Este puerto es el único donde se permite esta práctica, pero el cultivo de la clóchina de Valencia no es una novedad. La primera batea se colocó en las aguas del puerto en 1890 y hasta hoy el sistema de producción ha seguido siendo idéntico: plantación, cosecha y recolección. Los clochineros son unos auténticos agricultores del mar.

La gran acogida de la clóchina de Valencia se basa en datos, durante la primera temporada se recogieron 35.000 kilos y, actualmente, son 350.000 kilos los que salen a la venta desde estas aguas.

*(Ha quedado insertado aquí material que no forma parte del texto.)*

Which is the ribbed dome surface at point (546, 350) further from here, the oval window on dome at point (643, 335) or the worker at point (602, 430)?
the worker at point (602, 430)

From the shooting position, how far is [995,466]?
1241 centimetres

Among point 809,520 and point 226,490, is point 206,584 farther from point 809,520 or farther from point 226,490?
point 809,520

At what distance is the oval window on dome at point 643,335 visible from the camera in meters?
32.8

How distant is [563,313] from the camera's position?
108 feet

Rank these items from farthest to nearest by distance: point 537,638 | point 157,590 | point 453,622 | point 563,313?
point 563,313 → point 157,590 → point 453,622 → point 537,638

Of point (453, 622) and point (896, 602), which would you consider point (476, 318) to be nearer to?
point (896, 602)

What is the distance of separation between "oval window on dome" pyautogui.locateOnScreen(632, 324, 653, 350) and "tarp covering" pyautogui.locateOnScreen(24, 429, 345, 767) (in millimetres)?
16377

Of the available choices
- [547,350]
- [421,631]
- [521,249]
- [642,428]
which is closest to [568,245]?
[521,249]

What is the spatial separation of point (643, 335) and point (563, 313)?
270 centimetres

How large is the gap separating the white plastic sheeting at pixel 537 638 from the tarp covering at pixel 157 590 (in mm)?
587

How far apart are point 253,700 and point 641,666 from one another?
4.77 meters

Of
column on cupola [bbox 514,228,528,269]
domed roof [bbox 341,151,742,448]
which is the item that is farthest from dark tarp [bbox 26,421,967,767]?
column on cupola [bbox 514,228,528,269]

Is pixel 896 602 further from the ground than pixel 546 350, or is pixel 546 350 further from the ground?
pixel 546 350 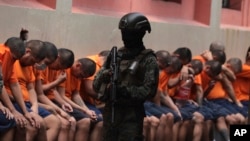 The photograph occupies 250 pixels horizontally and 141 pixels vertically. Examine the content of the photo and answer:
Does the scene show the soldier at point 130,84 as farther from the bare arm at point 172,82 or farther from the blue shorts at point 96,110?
the bare arm at point 172,82

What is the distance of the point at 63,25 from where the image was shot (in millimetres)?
9922

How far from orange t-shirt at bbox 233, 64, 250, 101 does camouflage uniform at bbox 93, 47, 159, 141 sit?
5.66 meters

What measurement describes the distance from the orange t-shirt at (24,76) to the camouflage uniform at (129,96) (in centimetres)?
202

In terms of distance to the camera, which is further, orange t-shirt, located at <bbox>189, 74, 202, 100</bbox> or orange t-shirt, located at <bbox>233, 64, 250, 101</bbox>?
→ orange t-shirt, located at <bbox>233, 64, 250, 101</bbox>

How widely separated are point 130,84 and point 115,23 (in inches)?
172

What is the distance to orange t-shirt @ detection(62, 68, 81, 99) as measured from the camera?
356 inches

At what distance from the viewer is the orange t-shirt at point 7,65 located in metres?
7.84

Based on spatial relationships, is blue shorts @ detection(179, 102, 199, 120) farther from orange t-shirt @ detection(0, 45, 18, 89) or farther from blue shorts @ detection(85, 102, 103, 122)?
orange t-shirt @ detection(0, 45, 18, 89)

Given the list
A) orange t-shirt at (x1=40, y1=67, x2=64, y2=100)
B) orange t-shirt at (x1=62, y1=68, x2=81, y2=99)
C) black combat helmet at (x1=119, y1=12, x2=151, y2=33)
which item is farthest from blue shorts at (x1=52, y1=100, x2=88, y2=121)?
black combat helmet at (x1=119, y1=12, x2=151, y2=33)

En veintidós bateas, pequeñas plataformas flotantes, situadas en la zona norte del puerto, es donde se cría la auténtica clóchina de Valencia. Está diferenciada totalmente del mejillón gallego y catalán, ésta es más pequeña, con un color anaranjado, un intenso sabor yodado, textura cremosa y muy jugosa. También tiene distinto al mejillón gallego y catalán su carácter estacional y que es un bialvo que prácticamente no es manipulado durante su periodo de cultivo.

La cría de la clóchina de Valencia es un auténtico ritual, pues el ciclo de este molusco está regido por el calendario lunar. En el mes de septiembre el embrión es lanzado al mar y desde noviembre hasta abril viven enganchados en cuerdas, ya que de cada batea cuelgan unas 400 cuerdas. Es allí donde filtran el agua y se alimentan durante todos estos meses hasta su recolección, llegan a filtrar unos 60 litros al día.  

Después de meses criándose con los mimos de los clochineros, que cambian de posición las cuerdas y las sacan al sol de vez en cuando, con la luna de llena de abril empieza la temporada pero la recolección de la clóchina que dura hasta la luna menguante de agosto. Durante estos meses este pequeño manjar es el aliado perfecto para tomar una tapa.

Hace unos años, en 2007, la Agrupación de Clochineros del Puerto de Valencia creó la Marca de Calidad ‘Clóchina de Valencia’. Con esta marca sólo quieren proteger esta variedad de molusco, ya que fuera de la temporada que hemos descrito, pasa a llamarse mejillón.

Si no la conocías, ya no tienes excusa para ir a Valencia y pedirla en un restaurante o comprarla y cocinarla, ya que otra de sus características es la facilidad para ser cocinada. Cuando la pruebes, no dejarás pasar más por alto su encanto.